Fix that by adding more ethernet aliases in the only
backwards-compatible way possible: at the end of the current list.

And since it is possible to very easily convert either swp4 or swp5 to
DSA user ports now (which have a MAC address of their own), using these
U-Boot commands:

=> fdt addr $fdt_addr_r
=> fdt rm /soc/pcie@1f0000000/ethernet-switch@0,5/ports/port@4 ethernet

it would be good if those DSA user ports (swp4, swp5) gained a valid MAC
address from U-Boot as well. In order for that to work properly,
provision two more ethernet aliases for &mscc_felix_port{4,5} as well.

First, let me say, I'm fine with this patch. But I'm not sure,
how many MAC addresses are actually reserved on your
RDB/QDS boards? I guess, they being evaluation boards you
don't care? ;)
On the Kontron sl28 boards we reserve just 8 and that is
already a lot for a board with max 6 out facing ports. 4 of
these ports used to be a switch, so in theory it should work
with 3 MAC addresses, right? Or even just 2 if there is no
need to terminate any traffic on the switch interfaces.

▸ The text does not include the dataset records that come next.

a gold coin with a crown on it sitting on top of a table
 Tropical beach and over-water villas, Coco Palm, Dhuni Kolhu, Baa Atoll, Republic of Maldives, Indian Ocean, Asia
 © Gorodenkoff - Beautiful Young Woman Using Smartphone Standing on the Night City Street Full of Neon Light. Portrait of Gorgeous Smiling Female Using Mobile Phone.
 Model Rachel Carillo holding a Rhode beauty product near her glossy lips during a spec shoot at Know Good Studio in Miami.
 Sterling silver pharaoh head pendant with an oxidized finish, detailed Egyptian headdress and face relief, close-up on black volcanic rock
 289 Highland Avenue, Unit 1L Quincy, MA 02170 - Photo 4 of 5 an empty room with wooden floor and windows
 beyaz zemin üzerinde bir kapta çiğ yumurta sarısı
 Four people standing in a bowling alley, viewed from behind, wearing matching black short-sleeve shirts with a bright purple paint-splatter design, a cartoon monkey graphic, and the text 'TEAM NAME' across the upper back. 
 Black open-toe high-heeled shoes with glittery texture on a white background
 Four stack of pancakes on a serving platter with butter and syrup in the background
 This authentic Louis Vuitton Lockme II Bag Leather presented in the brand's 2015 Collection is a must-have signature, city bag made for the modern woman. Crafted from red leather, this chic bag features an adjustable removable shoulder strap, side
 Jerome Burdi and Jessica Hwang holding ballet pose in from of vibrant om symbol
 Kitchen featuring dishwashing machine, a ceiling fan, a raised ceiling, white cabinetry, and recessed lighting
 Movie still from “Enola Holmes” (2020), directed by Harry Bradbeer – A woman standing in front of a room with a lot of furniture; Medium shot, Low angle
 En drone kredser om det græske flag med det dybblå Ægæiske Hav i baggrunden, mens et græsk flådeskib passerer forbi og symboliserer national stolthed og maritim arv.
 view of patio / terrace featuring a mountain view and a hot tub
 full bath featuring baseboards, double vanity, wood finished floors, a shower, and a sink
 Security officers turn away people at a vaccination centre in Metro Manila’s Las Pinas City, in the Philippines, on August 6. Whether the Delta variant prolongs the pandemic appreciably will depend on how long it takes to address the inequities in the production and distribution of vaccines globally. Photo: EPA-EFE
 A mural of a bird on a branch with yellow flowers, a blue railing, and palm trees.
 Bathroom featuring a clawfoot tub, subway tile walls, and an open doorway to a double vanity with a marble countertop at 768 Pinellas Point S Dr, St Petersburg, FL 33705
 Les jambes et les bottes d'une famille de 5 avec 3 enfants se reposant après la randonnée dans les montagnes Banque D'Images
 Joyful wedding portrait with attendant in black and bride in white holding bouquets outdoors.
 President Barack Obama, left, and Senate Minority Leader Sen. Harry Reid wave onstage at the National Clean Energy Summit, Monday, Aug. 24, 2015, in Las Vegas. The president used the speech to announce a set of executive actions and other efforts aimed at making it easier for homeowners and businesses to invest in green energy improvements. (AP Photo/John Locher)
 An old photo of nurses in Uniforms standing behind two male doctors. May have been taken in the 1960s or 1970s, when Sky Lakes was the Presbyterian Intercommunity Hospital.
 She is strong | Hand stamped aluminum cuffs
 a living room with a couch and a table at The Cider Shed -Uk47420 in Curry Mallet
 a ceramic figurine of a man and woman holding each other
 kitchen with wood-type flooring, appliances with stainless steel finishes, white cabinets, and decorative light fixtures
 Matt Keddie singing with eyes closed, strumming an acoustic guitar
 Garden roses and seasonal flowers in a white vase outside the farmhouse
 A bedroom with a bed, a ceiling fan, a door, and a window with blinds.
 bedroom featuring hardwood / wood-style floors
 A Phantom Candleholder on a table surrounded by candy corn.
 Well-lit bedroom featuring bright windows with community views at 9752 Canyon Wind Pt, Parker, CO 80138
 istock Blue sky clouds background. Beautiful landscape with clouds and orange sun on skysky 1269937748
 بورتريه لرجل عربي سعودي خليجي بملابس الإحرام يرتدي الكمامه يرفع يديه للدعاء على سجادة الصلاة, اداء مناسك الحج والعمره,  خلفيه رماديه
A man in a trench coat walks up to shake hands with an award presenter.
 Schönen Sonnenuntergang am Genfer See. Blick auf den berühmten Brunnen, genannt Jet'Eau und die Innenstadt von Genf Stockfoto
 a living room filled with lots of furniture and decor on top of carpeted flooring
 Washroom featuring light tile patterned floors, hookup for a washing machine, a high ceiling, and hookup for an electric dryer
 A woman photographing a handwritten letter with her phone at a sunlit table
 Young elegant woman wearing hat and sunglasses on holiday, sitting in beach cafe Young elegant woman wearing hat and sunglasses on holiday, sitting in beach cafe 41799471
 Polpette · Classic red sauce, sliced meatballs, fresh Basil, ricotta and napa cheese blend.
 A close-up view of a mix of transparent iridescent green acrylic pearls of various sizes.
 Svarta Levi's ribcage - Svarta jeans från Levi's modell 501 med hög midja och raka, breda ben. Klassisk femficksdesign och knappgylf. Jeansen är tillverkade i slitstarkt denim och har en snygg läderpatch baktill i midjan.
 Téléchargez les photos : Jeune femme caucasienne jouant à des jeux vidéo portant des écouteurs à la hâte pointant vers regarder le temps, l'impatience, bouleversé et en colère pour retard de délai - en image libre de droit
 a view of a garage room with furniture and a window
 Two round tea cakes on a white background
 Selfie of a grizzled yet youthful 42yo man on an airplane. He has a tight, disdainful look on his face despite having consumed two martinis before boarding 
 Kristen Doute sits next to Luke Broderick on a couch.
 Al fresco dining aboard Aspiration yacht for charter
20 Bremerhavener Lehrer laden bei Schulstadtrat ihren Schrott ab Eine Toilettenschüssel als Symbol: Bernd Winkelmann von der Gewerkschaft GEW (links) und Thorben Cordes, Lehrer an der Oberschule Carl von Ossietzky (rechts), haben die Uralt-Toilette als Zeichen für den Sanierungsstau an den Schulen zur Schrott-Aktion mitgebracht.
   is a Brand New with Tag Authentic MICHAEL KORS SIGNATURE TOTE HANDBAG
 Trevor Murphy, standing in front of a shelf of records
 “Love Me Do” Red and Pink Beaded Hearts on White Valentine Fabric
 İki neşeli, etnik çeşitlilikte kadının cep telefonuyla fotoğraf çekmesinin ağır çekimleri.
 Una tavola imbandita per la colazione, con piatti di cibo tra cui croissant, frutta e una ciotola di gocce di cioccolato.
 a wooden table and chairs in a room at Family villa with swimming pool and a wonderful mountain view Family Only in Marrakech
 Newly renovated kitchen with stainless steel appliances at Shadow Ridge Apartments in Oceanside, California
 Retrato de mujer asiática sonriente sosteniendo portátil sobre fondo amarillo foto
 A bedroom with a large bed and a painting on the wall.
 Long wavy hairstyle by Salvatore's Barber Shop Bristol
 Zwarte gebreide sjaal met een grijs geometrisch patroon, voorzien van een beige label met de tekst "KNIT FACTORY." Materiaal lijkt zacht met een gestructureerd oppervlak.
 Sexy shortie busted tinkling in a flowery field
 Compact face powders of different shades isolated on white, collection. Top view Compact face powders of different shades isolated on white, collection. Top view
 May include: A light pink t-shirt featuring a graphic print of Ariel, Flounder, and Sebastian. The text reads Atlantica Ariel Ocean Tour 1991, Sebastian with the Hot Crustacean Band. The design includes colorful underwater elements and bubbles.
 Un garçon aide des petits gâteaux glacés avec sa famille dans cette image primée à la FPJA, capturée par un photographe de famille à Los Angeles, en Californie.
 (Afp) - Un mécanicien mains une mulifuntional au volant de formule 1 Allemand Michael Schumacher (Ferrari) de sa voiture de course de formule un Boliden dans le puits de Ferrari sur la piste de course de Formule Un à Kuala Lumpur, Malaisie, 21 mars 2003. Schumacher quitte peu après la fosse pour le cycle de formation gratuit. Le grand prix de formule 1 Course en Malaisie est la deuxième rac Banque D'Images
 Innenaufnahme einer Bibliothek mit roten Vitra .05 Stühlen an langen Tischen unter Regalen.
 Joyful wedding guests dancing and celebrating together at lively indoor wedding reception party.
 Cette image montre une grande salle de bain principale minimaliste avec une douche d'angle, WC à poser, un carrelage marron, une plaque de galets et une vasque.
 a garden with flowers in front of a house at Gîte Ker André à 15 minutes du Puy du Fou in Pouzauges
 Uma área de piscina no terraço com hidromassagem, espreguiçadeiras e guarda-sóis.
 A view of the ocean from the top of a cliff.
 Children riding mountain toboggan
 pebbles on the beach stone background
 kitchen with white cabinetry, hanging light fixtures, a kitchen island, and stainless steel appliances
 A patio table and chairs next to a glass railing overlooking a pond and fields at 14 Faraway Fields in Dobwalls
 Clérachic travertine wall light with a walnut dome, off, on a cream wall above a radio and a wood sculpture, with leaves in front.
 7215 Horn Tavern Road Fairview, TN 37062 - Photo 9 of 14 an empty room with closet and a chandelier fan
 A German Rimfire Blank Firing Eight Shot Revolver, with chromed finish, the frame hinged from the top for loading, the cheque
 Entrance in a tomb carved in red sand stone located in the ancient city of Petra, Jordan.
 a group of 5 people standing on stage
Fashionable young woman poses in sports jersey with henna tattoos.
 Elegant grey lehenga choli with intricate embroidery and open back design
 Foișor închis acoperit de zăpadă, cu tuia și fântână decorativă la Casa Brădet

Anyway, do we really need so many addresses? What are the
configurations here? For what is the address of the
internal ports used?

Let's say we are in the "port extender mode" and use the
second internal port as an actual switch port, that would
then be:
2x external enetc
1x internal enetc
4x external switch ports in port extender mode

Which makes 7 addresses. The internal enetc port doesn't
really make sense in a port extender mode, because there
is no switching going on. So uhm, 6 addresses are the
maximum?

This is the MAC address distribution for now on the
sl28 boards:
https://lore.kernel.org/linux-devicetree/20220901221857.2600340-19-michael@xxxxxxxx/

Please tell me if I'm missing something here.

-michael

The resulting ordering is slightly unusual, but to me looks more natural
than eno0, eno2, swp0, swp1, swp2, swp3, eno3, swp4, swp5.